Bientôt, ses premières voisines arrivent, de grandioses villas d'aristocrates, qui la toisent de haut. Au siècle suivant, la voilà cernée de « progrès », s'amuse le narrateur : de longs immeubles en briques et de poubelles renversées. Au-dessus de sa tête, des voisins excédés se balancent des noms d'oiseaux et des bouteilles de lait par fenêtres interposées.
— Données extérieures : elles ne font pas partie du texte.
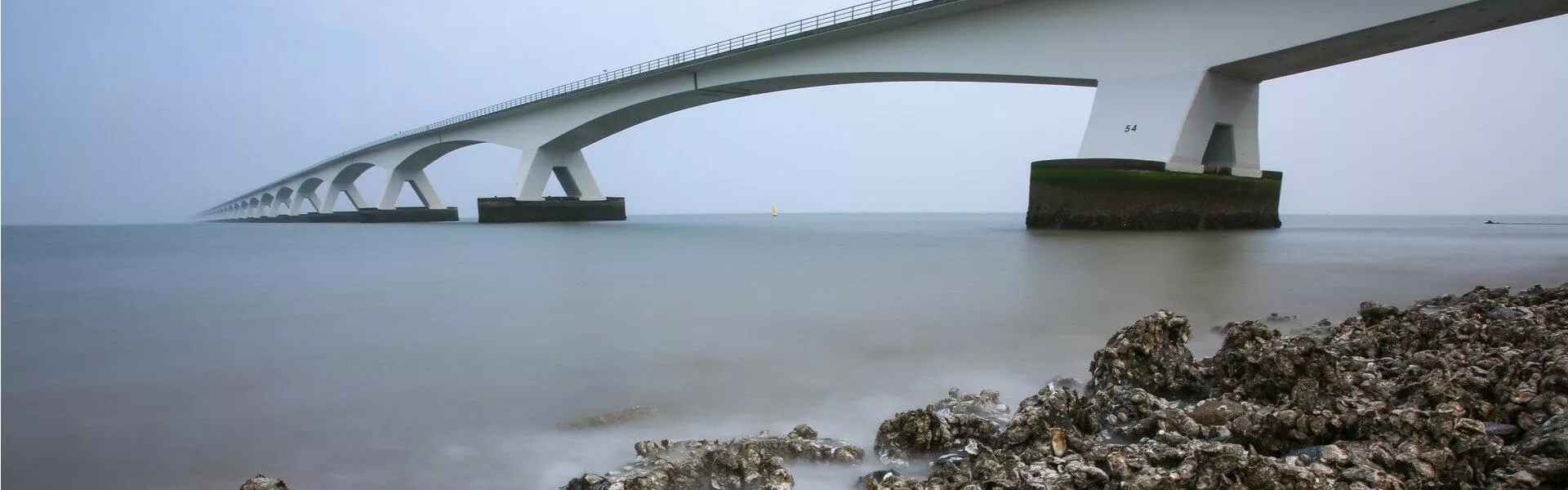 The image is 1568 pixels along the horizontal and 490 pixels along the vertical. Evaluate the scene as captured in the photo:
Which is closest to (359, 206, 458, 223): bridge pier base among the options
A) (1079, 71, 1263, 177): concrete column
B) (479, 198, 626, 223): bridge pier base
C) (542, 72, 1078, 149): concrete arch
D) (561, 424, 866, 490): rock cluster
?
(479, 198, 626, 223): bridge pier base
C'est la débâcle. Pour la Little House, tout va de mal en pis, d'acier en béton armé, de vitrage miroir en lucarnes PVC, de bruits insidieux en cacophonie délirante, jusqu'au dénouement : le retour à la campagne qui apaise et met du baume au coeur. Nous sommes dans un Disney, après tout.
Mon lointain rêve de maisonnette vivante et bucolique vient-il de ce petit film antimoderne ? Peut-être.
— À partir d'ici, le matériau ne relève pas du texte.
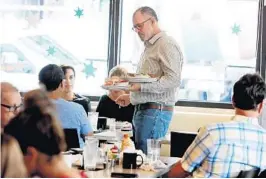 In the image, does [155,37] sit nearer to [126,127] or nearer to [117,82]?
[117,82]

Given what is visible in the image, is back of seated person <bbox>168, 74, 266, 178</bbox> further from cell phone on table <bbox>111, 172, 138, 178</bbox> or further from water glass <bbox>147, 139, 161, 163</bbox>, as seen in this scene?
water glass <bbox>147, 139, 161, 163</bbox>

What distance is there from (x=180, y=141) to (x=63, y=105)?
1.03 metres

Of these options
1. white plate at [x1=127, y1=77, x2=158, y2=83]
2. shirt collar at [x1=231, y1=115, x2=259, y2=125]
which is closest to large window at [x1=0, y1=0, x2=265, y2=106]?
white plate at [x1=127, y1=77, x2=158, y2=83]

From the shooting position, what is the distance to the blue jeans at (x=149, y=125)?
3.38 m

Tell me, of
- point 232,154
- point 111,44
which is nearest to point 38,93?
point 232,154

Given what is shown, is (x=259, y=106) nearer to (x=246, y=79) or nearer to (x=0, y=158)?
(x=246, y=79)

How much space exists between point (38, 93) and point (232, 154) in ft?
3.28

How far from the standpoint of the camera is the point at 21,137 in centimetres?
152

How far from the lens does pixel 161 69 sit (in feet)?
11.1

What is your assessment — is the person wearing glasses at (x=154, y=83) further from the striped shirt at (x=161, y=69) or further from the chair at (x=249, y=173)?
the chair at (x=249, y=173)

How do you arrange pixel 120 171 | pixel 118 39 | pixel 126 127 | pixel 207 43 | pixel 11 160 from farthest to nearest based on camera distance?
pixel 118 39 → pixel 207 43 → pixel 126 127 → pixel 120 171 → pixel 11 160

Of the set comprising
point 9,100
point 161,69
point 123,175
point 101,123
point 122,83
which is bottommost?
point 123,175

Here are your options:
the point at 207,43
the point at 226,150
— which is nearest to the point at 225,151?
the point at 226,150

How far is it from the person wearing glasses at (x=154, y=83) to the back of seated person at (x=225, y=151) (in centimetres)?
108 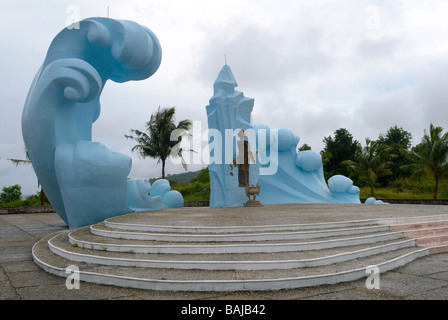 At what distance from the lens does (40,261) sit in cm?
500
Habiter sa maison vs Consommer sa maison
C'est le livre Chez soi de Mona Chollet qui me replonge dans ces souvenirs et réflexions sur l'habitat. Je l'ai refermé hier soir et depuis, je ne cesse de penser à toutes les maisons où j'ai vécu.
De ma chambre d'étudiante – neuf mètres carrés ! – à la maison de campagne de mon père, en passant par le riad mystérieux de mon enfance et tous les appartements, petits et grands, qui ont accompagné ma vie de jeune adulte… Ces intérieurs ont peut-être façonné la personne que je suis aujourd'hui. de quelle manière ? Je ne saurais le dire à ce stade embryonnaire de la réflexion. Je m'accorde un temps pour ruminer tout cela avant de vous en faire part – ou pas ! –
En attendant, je peux vous parler de l'essai passionnant de Mona Chollet, qui explore diverses facettes de la Home Sweet Home.
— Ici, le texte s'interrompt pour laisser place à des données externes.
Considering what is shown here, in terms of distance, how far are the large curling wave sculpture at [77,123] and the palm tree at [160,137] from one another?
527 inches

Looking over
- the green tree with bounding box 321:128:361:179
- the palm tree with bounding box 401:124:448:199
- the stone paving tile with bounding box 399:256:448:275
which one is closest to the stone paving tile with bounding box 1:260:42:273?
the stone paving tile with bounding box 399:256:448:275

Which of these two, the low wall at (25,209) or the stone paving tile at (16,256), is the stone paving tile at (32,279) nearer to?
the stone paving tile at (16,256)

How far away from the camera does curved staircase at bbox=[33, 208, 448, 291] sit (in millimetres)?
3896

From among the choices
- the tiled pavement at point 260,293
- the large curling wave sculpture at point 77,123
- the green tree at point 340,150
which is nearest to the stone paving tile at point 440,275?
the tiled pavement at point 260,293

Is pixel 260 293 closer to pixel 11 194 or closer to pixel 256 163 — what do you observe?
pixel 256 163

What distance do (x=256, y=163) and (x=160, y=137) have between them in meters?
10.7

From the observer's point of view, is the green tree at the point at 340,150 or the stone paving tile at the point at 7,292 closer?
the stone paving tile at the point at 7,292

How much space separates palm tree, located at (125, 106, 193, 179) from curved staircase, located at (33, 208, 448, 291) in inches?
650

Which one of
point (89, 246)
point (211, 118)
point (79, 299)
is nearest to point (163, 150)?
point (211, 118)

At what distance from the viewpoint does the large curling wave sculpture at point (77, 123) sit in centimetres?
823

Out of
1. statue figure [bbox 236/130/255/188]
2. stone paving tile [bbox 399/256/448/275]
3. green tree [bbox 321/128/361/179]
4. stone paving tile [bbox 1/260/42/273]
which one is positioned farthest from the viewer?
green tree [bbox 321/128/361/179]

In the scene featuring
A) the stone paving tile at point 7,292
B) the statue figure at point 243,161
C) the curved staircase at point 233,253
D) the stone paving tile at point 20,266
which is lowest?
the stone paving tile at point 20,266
En ces temps de crise, c'est, pour beaucoup, un refuge, un lieu de repli où l'on se répare et se console comme on peut de la brutalité du monde. Un refuge souvent contaminé par cette même brutalité. Dès les premières pages, Mona Chollet affirme que de nos jours, « on n'a pas le droit d'habiter sa maison, sous peine de se heurter à une censure immédiate. »
Habiter au sens d'imprégner son lieu de vie, de faire corps avec lui, de le laisser infuser lentement en soi.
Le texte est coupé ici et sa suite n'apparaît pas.